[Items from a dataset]

==========

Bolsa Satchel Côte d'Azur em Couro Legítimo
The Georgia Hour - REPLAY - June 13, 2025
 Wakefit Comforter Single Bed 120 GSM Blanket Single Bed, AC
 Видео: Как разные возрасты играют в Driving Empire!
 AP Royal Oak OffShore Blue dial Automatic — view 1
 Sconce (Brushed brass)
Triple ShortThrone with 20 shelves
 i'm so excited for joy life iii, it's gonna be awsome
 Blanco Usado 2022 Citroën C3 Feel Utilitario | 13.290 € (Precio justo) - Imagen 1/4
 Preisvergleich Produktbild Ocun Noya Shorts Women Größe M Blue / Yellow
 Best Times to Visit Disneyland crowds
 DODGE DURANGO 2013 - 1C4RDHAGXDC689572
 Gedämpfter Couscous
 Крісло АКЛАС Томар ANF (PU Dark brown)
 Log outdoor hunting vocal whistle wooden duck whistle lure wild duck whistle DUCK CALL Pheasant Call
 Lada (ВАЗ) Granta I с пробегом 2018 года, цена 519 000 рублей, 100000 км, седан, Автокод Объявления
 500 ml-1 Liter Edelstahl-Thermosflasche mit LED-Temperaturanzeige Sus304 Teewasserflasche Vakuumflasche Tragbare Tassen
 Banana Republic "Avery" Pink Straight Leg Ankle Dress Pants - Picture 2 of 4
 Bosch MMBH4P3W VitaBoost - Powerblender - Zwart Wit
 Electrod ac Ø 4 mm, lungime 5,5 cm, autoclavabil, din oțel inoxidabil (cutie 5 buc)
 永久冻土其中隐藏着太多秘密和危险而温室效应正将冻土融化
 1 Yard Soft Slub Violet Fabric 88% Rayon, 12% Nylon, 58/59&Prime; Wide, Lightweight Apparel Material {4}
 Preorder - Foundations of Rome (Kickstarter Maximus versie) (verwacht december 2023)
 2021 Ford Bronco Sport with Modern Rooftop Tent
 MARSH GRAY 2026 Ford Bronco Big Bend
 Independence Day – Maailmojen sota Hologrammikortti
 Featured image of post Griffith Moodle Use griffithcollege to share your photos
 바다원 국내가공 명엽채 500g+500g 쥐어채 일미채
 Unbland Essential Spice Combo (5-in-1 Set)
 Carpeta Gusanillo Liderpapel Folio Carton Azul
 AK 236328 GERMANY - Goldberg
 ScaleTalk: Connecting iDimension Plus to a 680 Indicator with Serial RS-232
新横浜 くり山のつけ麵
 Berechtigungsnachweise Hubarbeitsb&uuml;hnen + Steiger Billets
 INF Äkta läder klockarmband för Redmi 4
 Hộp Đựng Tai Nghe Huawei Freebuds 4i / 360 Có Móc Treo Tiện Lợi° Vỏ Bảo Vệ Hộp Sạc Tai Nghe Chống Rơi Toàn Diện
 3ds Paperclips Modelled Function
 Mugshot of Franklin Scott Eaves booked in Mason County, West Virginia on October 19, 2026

==========

[TASK STATEMENT] Would you copy all lines in the records where the string "with" appears?

[YOUR SOLUTION]
Triple ShortThrone with 20 shelves
 2021 Ford Bronco Sport with Modern Rooftop Tent
 ScaleTalk: Connecting iDimension Plus to a 680 Indicator with Serial RS-232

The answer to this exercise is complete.